(Work task):
From the material below, copy exactly the lines beginning with the one that contains "Buffet moderne 2" and ending with the one that contains "Wedding invitation cards"; the pictures stay out.

(Data for analysis):
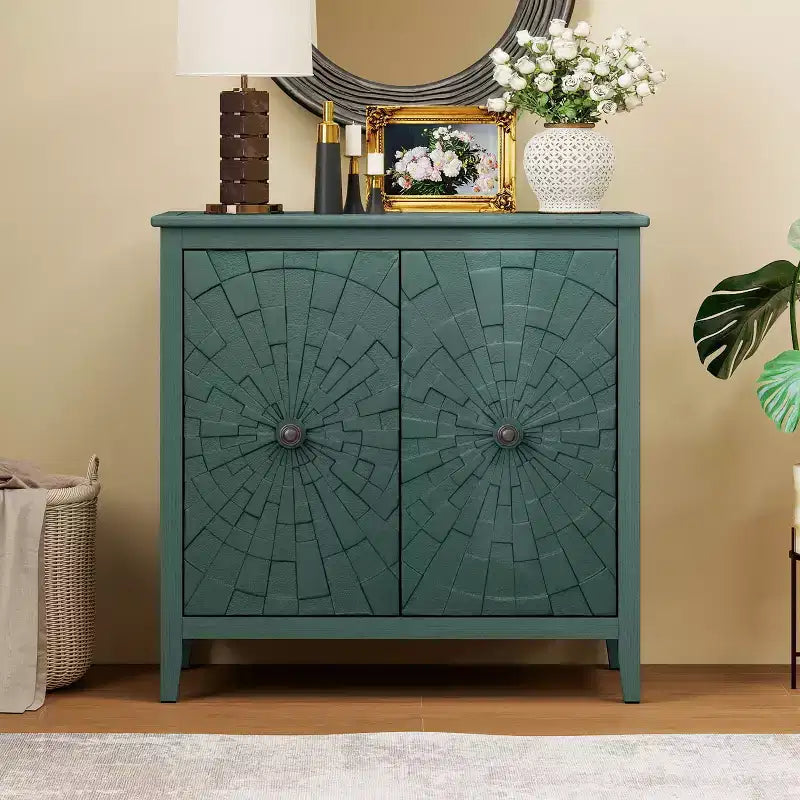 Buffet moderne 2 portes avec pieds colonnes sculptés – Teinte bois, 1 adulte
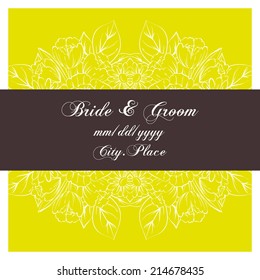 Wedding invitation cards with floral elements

==

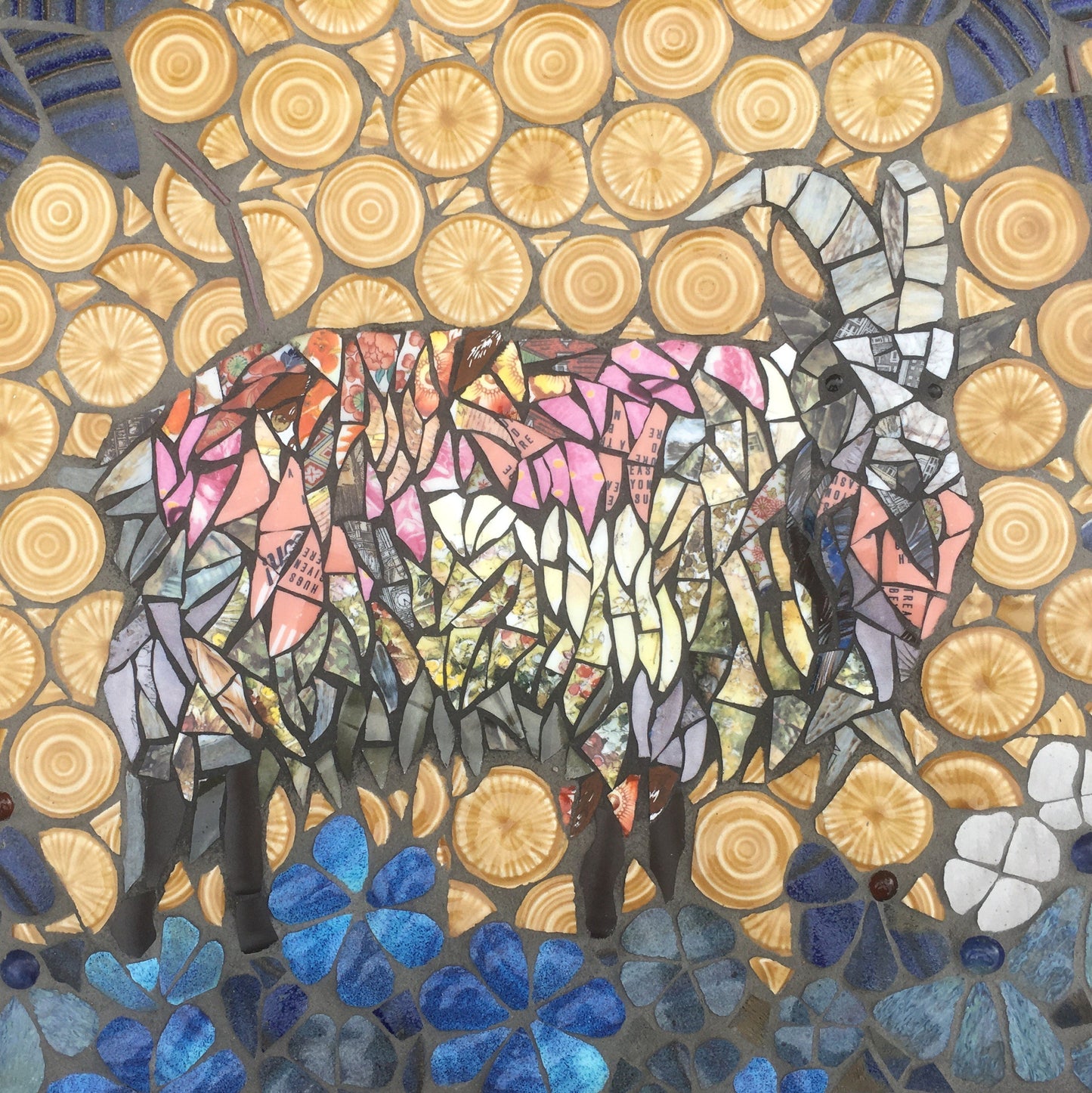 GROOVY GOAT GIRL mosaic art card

(Final answer):
 Buffet moderne 2 portes avec pieds colonnes sculptés – Teinte bois, 1 adulte
 Wedding invitation cards with floral elements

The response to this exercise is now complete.